Иногда ее полосы были мрачными, с нервными, неистовыми мазками синевато-серого, но чаще представляли собой жизнерадостные, элегантные структуры, написанные сильно разбавленным акрилом. Слои цвета песка и абрикосов, слои цвета утреннего неба; флаги государства без границ, новой республики непринужденности и свободы. Процесс создания был всегда одинаков. Она ждала до тех пор, пока ей не являлся образ: крошечная полноцветная версия будущей картины. Потом наступал черед кропотливой работы по увеличению масштаба, в ходе которой она заполняла страницы каракулями дробей и делениями в столбик. Затем она использовала скотч и короткую линейку для разметки карандашом предварительно загрунтованного гипсом холста. И только тогда начинала наносить цвет, работая очень быстро. Если случались непредвиденные капли, или кляксы, или другие ошибки, она уничтожала холст с помощью кухонного или канцелярского ножа, иногда даже зашвыривала их подальше от дома, а потом начинала всё заново – снова и снова, иногда семикратно, так что каждая отметина в картинах Мартин неслучайна и полностью продумана.

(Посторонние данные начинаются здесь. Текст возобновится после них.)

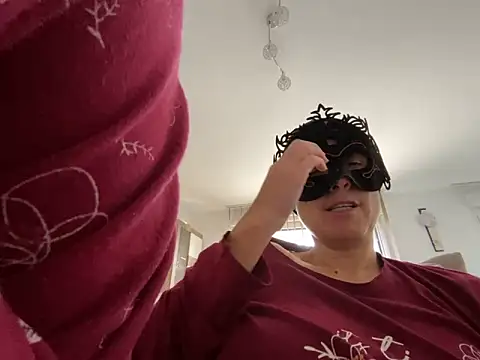 Marilou1983 online show from 11.19.25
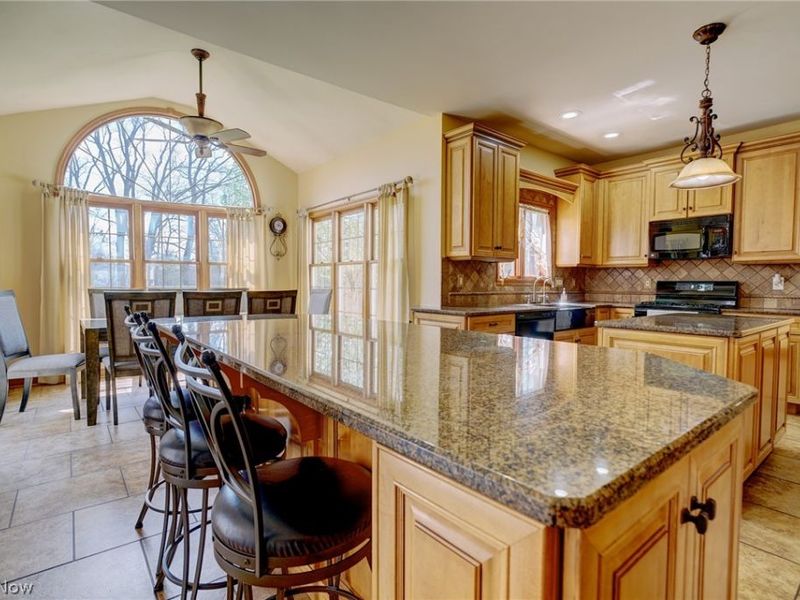 7081 Ruby Court, Youngstown, OH 44515 Photo 11
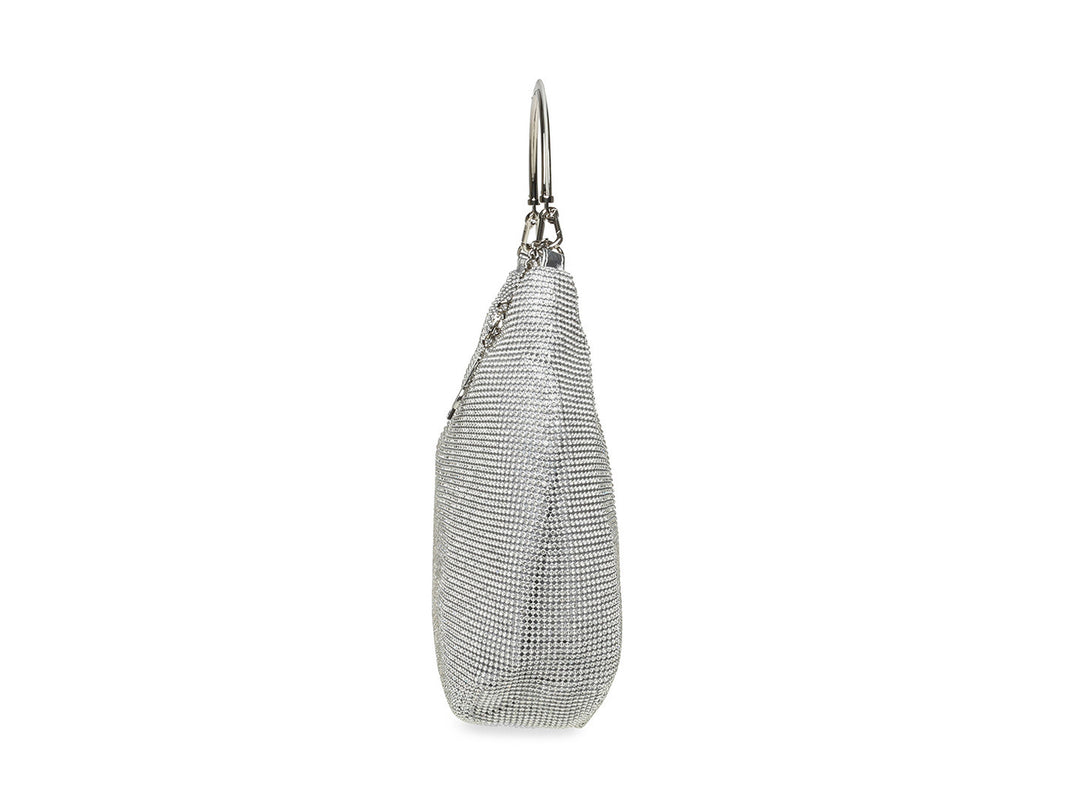 Bolso de hombro Steve Madden en color plata con diseño de malla metálica y correa de cadena.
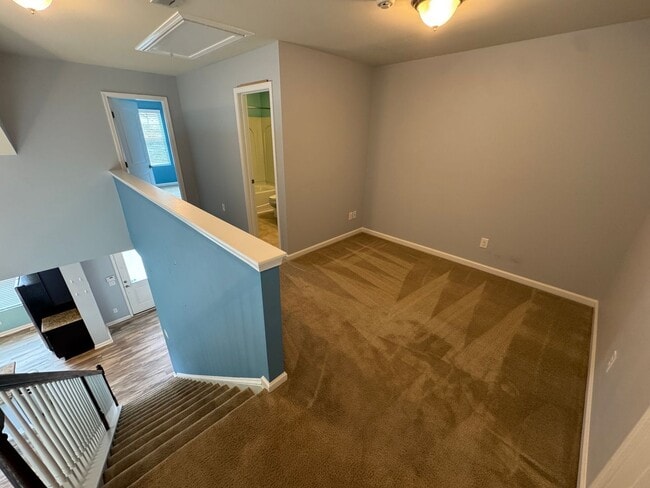 Building Photo - Bright & Spacious End Unit in Thompson Ridge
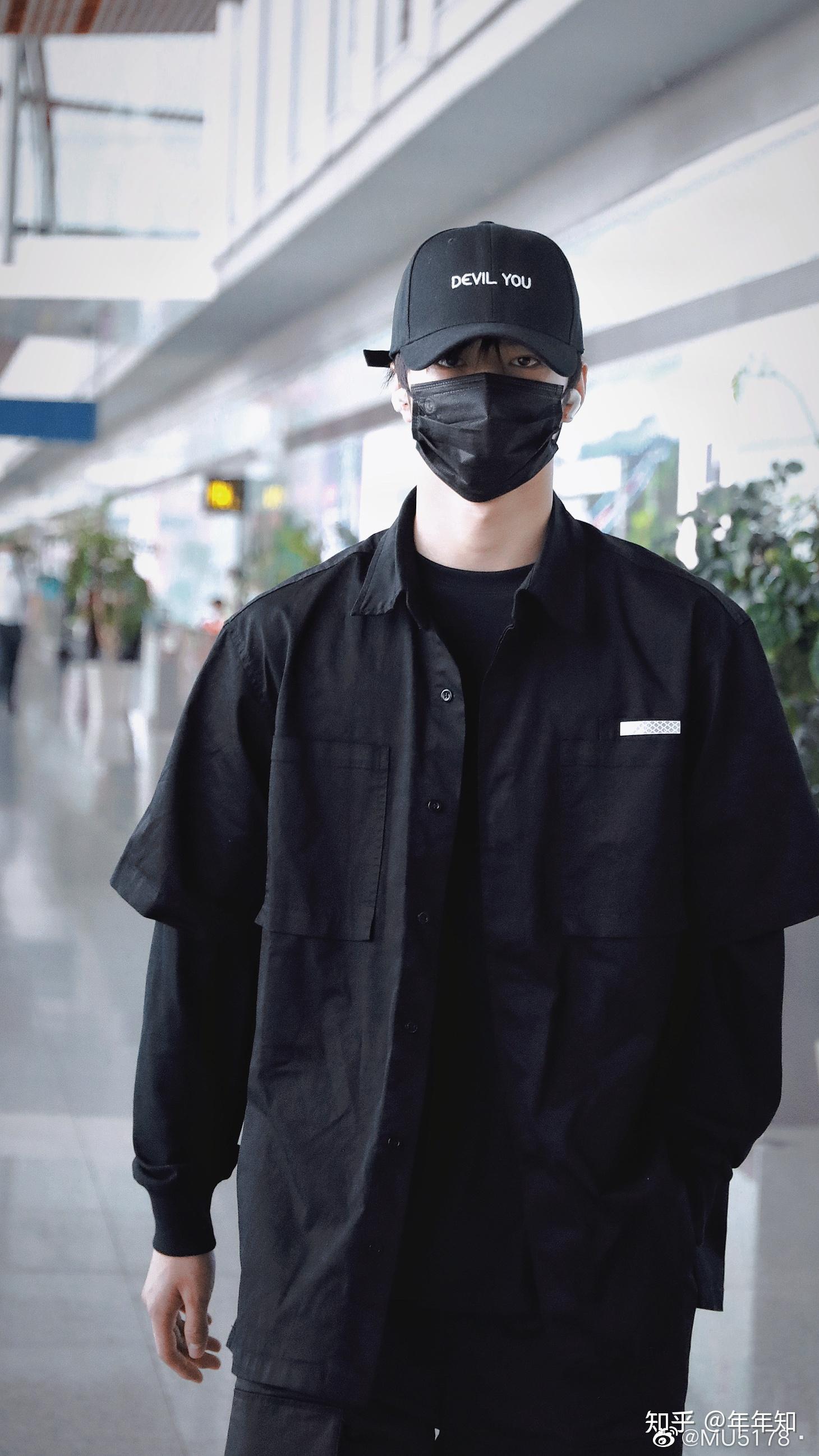 刘耀文的穿搭风格是怎样的呢? - 知乎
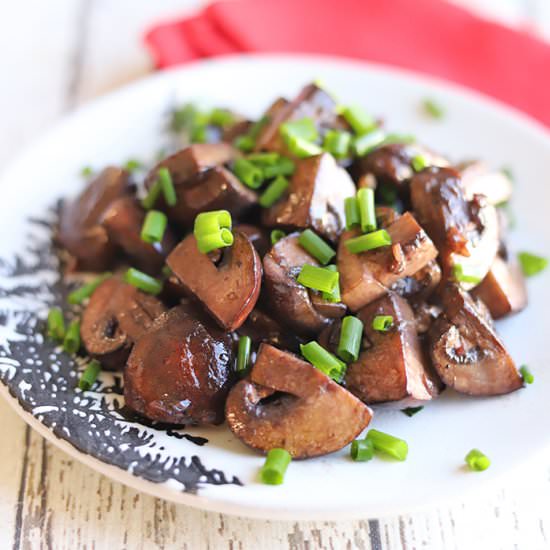 Red wine mushrooms with garlic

Их скрупулезная геометрия производит на зрителя сильное впечатление. В Лондонском филиале Pace Gallery я увидела ее работу «Без названия № 2» (1992): пять голубых полос, разделенных четырьмя повторяющимися дорожками белого, светло-оранжевого и нежно-розового. Вблизи карандашные линии скакали по волокнам холста, как на электрокардиограмме. Два волоска прилипли к холсту; пять пятнышек персикового цвета размером с ноготь. Взгляд цеплялся за эти маленькие детали, за чуть более темные участки там, где столкнулись два мазка кисти, потому что больше ухватиться было не за что: ни изображения, ни изолированной формы, лишь сияющая открытость, как будто океан вошел в комнату без окон.

Подобное чувство свободного падения не каждому по вкусу. За последние годы на удивление много картин Мартин пострадали от вандализма. Один из зрителей использовал в качестве оружия рожок с мороженым. Другой атаковал картины с помощью зеленого мелка, а на выставке в Германии националисты принялись швырять в них мусор. Особенно сильное желание чем-то их дополнить, похоже, вызывают сетки. Сама Мартин считала это нарциссическим проявлением своеобразной «боязни пустоты». «Знаете, – говорила она с сожалением, – люди просто не могут смириться с тем, что это всего лишь пустые квадраты».

?

Учиться выдерживать пустоту – такова была ее задача, ее профессия. Годы, проведенные в Нью-Мексико, были отмечены уходом от мирских дел; жизнь, полная самоотречения и запретов, часто кажется мазохистской, но Мартин утверждала, что руководствовалась духовными устремлениями, непрерывно сражаясь с грехом гордыни. Голоса требовали от нее строгих ограничений. Они запрещали ей покупать пластинки, иметь телевизор или завести себе для компании собаку или кошку. Зимой 1973 года она питалась лишь консервированными помидорами с собственного огорода, грецкими орехами и твердым сыром. Другой зимой это был гранулированный желатин, смешанный с апельсиновым соком, и бананы. Когда после ссоры с владельцами ее выселили, она позвонила Глимчеру и рассказала, что осталась без всего, даже без собственной одежды. «Это знак того, что я жила слишком роскошно, – заявила она весело. – Это еще одно испытание для меня».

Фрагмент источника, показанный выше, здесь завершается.